======== RECORDS SHOWN
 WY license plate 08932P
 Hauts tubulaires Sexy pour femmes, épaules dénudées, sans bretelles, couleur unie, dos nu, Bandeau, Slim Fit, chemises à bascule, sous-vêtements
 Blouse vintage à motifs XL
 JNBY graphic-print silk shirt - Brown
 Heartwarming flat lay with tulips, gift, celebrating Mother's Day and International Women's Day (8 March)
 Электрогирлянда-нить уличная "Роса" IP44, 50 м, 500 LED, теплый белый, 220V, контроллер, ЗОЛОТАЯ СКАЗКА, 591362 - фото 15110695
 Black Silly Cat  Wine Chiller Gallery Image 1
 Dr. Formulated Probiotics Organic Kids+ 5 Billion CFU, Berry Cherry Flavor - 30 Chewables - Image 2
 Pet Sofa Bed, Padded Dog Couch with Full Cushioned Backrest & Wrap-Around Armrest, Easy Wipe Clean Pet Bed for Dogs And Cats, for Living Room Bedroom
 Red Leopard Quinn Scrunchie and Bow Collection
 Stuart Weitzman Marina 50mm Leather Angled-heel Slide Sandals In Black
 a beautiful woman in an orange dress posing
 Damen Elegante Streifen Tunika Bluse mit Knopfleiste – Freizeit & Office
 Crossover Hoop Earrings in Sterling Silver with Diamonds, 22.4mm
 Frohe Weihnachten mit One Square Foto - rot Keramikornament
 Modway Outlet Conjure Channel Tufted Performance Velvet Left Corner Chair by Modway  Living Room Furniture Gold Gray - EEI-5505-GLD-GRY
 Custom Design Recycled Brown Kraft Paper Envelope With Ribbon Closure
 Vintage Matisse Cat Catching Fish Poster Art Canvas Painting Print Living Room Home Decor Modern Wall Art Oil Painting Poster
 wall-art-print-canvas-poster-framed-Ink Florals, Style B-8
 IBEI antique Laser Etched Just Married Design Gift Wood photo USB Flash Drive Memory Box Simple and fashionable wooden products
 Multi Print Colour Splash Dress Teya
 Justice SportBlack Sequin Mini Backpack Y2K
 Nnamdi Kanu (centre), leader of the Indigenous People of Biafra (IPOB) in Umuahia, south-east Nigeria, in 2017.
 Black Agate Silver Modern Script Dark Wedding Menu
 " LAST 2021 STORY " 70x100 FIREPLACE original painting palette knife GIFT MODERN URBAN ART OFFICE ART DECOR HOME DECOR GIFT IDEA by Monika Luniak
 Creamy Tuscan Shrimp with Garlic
================
- WORK TASK:
Your answer must consist only of the lines from the start of the records above through the line with "Red Leopard Quinn", each retyped exactly.

- RESULT OF THE TASK:
 WY license plate 08932P
 Hauts tubulaires Sexy pour femmes, épaules dénudées, sans bretelles, couleur unie, dos nu, Bandeau, Slim Fit, chemises à bascule, sous-vêtements
 Blouse vintage à motifs XL
 JNBY graphic-print silk shirt - Brown
 Heartwarming flat lay with tulips, gift, celebrating Mother's Day and International Women's Day (8 March)
 Электрогирлянда-нить уличная "Роса" IP44, 50 м, 500 LED, теплый белый, 220V, контроллер, ЗОЛОТАЯ СКАЗКА, 591362 - фото 15110695
 Black Silly Cat  Wine Chiller Gallery Image 1
 Dr. Formulated Probiotics Organic Kids+ 5 Billion CFU, Berry Cherry Flavor - 30 Chewables - Image 2
 Pet Sofa Bed, Padded Dog Couch with Full Cushioned Backrest & Wrap-Around Armrest, Easy Wipe Clean Pet Bed for Dogs And Cats, for Living Room Bedroom
 Red Leopard Quinn Scrunchie and Bow Collection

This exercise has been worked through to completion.